For well over a decade, Google has occupied the monopolistic spot in the gargantuan search market. The NFL of the search engine world, it looks down on the efforts of the semi pro, arena and alternative league competitors as the rank amateurs that they are. Just like the NFL is seemingly immune to anti-trust actions, the Googleplex keeps optimizing its plays, executing direct hits, never uttering a stop word in the huddle or making a false drop and scoring touchdown after touchdown. In this game of Super Bowl Champions New York Giants vs. the East Podunk Junior High School Pop Warner team, the final result is never at question, only how bloodied the poor students will be at the end of the game. Even with the billions of Microsoft behind it, Bing has never been able to mount a serious challenge to Google’s team, and their recent nostalgic redesign to emulate an earlier look of the market leader may do little to change their fortunes.

Bing Can’t Even Outdraw Baidu

Although many have criticized the overly portal-ish look that the Google search engine has recently adopted, there is no question that billions of users are not ready to jettison their favorite way to find everything. According to karmasnack’s May 2012 data, 87.6% of all global searches are conducted on the Googleplex’s servers, with Bing attracting less traffic than even China’s Baidu at a mere 4.2%. Bing has suffered from Day One not only against the ingrained habit that has become both a knee jerk reflex and a verb “to Google,” but also due to the widespread perception that its search results were not up to par. In fairness the Microsoft engineers have come a long way from the time when a search for “Hal Licino” brought up 43,000 results in Google and 27 on Bing, but the bad taste lingers and is largely responsible for handicapping its market share.

Why Not the Metro UI?

It also seems counterintuitive to return to the past in a search engine look and feel rather than put the pedal to the metal and adopt the Metro interface that has been heralded by many as the next step in UIs. In pursuing the course of “don’t innovate, replicate,” Microsoft is trying to appeal to the disgruntled who are fed up with Google’s policy of stacking everything above the fold with some sort of “special feature,” which all too often turn out to be ads in thin disguises.
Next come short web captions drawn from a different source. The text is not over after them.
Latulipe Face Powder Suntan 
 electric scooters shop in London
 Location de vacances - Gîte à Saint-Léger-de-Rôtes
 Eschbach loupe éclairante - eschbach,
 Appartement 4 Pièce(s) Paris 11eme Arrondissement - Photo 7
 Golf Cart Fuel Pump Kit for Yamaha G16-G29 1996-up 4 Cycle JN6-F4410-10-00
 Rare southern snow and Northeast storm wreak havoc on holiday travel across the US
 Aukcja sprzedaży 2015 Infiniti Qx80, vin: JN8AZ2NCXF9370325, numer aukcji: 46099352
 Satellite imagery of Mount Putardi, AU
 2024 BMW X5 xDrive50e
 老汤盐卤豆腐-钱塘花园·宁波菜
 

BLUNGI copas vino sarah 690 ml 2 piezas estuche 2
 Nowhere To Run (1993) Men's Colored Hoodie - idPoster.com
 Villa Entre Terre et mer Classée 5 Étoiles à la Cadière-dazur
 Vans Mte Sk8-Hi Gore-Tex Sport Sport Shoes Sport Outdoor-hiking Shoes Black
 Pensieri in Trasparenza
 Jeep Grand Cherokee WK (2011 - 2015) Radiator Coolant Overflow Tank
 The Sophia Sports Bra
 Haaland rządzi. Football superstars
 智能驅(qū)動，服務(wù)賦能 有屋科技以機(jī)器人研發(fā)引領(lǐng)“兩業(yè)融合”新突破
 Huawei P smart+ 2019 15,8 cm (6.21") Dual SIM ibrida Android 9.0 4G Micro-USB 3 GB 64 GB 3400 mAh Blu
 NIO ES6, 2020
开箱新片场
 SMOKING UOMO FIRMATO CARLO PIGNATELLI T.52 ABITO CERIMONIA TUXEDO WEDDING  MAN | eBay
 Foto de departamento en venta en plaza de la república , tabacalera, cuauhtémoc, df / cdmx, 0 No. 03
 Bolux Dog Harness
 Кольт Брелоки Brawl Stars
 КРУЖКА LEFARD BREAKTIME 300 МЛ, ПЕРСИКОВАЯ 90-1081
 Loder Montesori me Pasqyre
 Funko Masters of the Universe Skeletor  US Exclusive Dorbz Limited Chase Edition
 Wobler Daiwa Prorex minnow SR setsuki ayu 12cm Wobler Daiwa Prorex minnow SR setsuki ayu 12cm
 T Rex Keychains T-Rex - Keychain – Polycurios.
Black Hat & Greed Still Pollute Results

Still, far too much is being made of aesthetics when it comes down to the fact that neither Google nor Bing have been able to provide truly balanced and fair search results, unpolluted by both the efforts of the Black Hat crowd and the greedy drive to sell the soul out of search. Google and Bing may issue endless exhortations about their “improving relevance” but the bottom line is always that in both engines paid results that have absolutely nothing to do with the relevance of the search take up about half the page. When we add to that the fact that even after the parade of Farmers, Pandas, Penguins and countless other algorithm creatures, it is still possible to buy your way into the top of the organic searches through the skullduggery of the dark headwear, it is clear that the “relevance” part of the search engine identity is sorely missing.

Bing’s redesign is minor at best. All it has really done is rip out a graduated screen, shift a column from left to right and dumped a few links to narrow by date, search history… and quite tellingly both MSN and Hotmail. The latter deletion may be indicating that sagacious, skilled and outright genius CEO Steve Ballmer (you realize I’m joking, right?) is de-emphasizing the Microsoft-ness of Bing and preparing to sell off its troubled underperformer. He tried to dump it off to Facebook’s Zuckerberg, who flatly refused, and there may have been other secret approaches as well. Is the Bing redesign an effort to attract more users, or just a paint job to help sell a tired old house? Time will tell.